The prevalence of objections, including mistaken ones, to tax expenditure analysis is in part attributable to Stanley Surrey's over-reaching when he initially proposed it with respect to the United States income tax. A measure that he presented as merely a neutral budgetary tool was widely and accurately recognized as also a tool for promoting his particular policy aims with regard to tax reform and progressivity. Fiscal language inevitably has a dual character, as a weapon of political combat in addition to a tool of purportedly objective description, and proponents on both sides of fiscal language debates rarely sort out the two functions very scrupulously.

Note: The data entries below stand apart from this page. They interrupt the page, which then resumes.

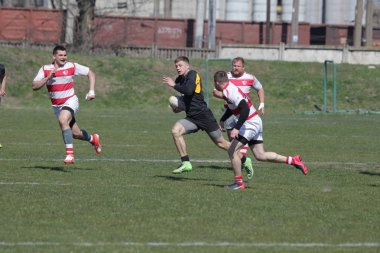 Odessa, Ukrayna - 6 Nisan 2019: Milli takım amentü (Odessa)-Olimpiyat (Kharkov) Rugby Şampiyonası. Gergin mücadele oyuncu topu için rugby testi sırasında. Stadyum yeşil alan üzerinde dinamik oyun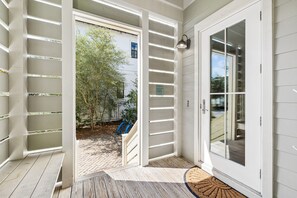 A wooden deck with a glass door leading to a covered outdoor area. - Close to Trails and Lakes with Shared Pool (Santa Rosa Beach)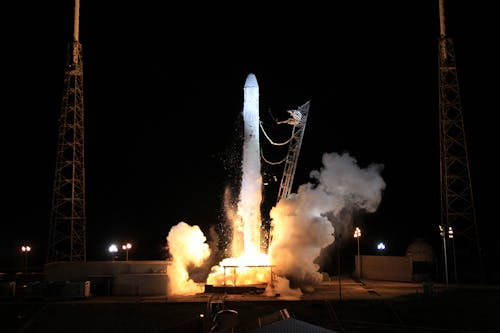 Modern solid rocket taking off into dark night sky during launching from spaceport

While also exploring fiscal language issues more generally, the article attempts to put tax expenditure analysis on a more fundamental basis, by relating it to Richard Musgrave's famous distinction between the allocation and distribution branches of government. Tax expenditures are most usefully defined as provisions in the tax rules that seem to reflect the operations of the allocation branch rather than the distribution branch. It is important to distinguish, however (as tax expenditure analysis heretofore has not) between (1) tax rules that seem clearly allocative rather than distributional, such as weapons appropriations that are accomplished through tax credits, (2) tax rules whose distributional merits are reasonably debatable, such as medical deductions, and (3) tax rules that seem to reflect the administrative needs of the distribution branch rather than the direct aims of distribution policy. In addition, it is reasonable, as the Treasury Department proposed in 2003, to estimate negative as well as positive tax expenditures (i.e., penalties as well as subsidies), and to prepare estimates from a consumption tax as well as an income tax perspective.